→ **Task description**: Bring together all lines from the listing below that contain the string "Winter".
* * * * *
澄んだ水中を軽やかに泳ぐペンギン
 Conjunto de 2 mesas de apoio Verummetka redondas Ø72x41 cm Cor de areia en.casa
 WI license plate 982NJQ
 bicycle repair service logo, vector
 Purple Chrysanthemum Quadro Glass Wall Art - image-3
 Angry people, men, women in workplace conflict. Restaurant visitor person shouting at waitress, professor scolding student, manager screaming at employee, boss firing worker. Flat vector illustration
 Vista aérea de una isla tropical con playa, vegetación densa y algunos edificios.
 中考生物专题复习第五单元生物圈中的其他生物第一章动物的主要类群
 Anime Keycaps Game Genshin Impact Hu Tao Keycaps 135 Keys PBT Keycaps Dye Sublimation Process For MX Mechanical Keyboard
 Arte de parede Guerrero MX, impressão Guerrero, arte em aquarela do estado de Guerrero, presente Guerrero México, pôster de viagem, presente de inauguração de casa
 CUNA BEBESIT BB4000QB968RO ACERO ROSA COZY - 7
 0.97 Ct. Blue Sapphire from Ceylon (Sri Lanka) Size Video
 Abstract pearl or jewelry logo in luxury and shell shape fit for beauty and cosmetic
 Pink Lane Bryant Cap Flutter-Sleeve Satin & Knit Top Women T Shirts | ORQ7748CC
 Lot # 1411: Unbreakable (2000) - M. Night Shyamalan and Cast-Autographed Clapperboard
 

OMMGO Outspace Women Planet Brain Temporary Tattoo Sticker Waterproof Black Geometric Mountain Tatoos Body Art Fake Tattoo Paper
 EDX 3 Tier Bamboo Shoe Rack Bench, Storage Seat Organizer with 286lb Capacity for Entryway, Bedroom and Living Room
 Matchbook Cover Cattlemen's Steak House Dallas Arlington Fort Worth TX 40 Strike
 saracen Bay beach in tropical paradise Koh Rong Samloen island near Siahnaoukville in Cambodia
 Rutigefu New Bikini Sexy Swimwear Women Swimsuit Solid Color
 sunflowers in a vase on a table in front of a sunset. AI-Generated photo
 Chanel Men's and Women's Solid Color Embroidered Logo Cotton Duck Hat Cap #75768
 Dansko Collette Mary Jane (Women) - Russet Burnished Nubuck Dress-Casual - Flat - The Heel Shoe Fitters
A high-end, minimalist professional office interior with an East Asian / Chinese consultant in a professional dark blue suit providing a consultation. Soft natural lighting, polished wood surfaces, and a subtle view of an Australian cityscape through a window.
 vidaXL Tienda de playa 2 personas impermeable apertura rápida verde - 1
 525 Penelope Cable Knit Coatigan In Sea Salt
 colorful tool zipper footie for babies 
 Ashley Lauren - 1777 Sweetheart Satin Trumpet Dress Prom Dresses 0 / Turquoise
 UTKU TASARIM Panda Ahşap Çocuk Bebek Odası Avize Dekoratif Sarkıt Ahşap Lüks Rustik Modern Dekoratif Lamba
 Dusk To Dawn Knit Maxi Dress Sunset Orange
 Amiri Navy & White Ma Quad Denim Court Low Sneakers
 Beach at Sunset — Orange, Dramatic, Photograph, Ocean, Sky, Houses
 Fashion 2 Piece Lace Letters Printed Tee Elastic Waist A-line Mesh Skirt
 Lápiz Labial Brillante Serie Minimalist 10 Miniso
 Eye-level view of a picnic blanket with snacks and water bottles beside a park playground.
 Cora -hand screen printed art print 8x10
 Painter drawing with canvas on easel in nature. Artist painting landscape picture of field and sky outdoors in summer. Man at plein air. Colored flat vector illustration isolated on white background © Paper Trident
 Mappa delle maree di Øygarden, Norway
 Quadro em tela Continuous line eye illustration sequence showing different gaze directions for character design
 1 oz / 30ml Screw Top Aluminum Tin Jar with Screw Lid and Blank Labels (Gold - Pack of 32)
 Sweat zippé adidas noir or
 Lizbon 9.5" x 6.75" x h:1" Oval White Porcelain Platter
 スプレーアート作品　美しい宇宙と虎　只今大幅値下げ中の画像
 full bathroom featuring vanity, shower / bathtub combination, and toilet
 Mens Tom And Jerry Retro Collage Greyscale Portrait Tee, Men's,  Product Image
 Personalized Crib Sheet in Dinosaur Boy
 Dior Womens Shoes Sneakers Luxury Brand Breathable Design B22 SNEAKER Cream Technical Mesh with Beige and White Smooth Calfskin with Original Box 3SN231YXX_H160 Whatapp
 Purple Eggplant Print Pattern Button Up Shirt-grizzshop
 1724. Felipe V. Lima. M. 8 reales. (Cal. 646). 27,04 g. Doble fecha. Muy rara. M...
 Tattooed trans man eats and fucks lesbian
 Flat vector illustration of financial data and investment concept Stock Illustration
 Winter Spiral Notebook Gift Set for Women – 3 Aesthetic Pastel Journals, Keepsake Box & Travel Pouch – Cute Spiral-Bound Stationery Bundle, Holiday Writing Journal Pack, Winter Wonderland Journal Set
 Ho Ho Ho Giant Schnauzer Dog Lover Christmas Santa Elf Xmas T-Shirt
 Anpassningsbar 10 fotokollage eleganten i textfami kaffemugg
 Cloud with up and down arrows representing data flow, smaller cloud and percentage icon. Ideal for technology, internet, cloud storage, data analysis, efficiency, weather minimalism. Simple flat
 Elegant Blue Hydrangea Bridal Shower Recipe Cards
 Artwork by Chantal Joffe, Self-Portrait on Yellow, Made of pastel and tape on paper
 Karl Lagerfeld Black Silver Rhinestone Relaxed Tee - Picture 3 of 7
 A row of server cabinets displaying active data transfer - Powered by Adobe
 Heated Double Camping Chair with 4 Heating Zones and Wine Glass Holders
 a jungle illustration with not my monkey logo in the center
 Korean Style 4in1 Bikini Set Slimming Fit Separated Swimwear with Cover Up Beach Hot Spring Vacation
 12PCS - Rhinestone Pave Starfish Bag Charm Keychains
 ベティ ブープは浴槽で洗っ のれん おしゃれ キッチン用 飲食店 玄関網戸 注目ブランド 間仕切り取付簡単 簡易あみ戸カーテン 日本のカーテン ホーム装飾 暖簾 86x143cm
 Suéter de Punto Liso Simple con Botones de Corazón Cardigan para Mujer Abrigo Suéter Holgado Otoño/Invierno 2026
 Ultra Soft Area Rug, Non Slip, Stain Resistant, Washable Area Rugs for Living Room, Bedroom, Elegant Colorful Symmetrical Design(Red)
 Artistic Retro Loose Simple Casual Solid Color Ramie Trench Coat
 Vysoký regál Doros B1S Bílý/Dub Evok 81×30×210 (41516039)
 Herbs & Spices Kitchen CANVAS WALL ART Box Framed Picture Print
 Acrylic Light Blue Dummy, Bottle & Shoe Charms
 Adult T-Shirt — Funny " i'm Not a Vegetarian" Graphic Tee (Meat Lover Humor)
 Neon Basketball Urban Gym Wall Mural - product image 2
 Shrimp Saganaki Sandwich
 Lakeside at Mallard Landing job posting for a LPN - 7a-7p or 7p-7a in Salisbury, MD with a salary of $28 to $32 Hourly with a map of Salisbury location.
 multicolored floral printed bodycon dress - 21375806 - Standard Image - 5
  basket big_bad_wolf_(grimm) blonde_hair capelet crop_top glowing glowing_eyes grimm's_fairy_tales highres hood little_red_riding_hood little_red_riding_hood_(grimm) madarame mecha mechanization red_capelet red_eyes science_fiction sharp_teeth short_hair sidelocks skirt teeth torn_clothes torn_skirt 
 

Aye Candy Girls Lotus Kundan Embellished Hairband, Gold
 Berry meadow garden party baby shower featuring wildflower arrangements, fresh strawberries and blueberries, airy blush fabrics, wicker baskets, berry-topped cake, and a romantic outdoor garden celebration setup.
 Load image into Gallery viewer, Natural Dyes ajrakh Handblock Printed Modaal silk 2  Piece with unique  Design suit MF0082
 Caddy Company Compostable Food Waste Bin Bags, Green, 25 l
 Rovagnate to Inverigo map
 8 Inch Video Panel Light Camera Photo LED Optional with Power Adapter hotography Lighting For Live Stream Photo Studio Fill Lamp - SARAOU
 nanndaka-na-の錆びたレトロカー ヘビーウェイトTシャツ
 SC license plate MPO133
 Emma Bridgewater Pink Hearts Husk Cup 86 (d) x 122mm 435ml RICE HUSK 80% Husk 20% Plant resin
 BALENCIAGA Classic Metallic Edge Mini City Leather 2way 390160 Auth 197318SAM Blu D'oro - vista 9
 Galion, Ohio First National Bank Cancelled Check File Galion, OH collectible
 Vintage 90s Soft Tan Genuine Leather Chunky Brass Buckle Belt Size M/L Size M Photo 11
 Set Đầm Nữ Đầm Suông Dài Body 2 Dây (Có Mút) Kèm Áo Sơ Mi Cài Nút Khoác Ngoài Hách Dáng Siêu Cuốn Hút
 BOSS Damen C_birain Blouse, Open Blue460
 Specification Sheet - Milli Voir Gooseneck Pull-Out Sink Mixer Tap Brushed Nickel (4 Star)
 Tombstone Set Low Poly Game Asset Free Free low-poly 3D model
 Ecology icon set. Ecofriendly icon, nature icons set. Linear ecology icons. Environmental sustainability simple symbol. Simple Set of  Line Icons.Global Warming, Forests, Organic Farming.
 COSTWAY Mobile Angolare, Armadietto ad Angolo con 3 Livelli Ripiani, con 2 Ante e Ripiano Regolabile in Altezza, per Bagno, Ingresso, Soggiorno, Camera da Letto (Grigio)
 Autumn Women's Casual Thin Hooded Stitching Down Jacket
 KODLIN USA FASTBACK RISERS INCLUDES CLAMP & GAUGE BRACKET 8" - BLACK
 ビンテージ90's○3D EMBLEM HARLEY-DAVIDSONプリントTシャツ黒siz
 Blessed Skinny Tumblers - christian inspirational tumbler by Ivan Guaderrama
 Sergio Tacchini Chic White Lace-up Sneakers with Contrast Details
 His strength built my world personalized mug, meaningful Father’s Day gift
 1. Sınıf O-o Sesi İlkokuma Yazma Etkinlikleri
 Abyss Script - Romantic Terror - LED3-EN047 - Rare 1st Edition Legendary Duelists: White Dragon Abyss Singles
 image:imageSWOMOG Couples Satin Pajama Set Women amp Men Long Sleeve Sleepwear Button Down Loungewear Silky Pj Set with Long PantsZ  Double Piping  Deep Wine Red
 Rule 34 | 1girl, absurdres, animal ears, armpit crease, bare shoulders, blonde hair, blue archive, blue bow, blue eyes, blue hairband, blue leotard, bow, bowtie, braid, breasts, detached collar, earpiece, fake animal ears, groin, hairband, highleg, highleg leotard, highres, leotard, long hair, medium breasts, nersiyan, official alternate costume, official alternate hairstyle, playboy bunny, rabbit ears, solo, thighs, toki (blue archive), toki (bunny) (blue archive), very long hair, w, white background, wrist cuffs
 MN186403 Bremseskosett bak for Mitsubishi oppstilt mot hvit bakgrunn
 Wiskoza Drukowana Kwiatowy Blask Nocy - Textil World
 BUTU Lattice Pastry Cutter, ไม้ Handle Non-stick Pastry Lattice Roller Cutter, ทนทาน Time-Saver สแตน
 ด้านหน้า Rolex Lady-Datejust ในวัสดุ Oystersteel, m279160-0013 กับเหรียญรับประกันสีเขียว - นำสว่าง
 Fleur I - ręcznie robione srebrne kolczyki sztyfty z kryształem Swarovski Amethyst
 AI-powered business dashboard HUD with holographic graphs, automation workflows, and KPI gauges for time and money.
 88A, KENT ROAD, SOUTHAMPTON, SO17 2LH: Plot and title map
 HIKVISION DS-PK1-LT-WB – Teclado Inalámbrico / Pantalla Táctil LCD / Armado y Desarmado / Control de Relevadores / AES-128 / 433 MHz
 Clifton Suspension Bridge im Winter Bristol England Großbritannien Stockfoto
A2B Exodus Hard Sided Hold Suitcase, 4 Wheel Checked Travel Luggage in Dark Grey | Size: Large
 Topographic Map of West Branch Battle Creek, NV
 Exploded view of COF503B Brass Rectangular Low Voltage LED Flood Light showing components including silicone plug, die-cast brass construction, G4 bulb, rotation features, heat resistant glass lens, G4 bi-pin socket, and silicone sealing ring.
* * * * *
→ **The answer**:
 Winter Spiral Notebook Gift Set for Women – 3 Aesthetic Pastel Journals, Keepsake Box & Travel Pouch – Cute Spiral-Bound Stationery Bundle, Holiday Writing Journal Pack, Winter Wonderland Journal Set
 Clifton Suspension Bridge im Winter Bristol England Großbritannien Stockfoto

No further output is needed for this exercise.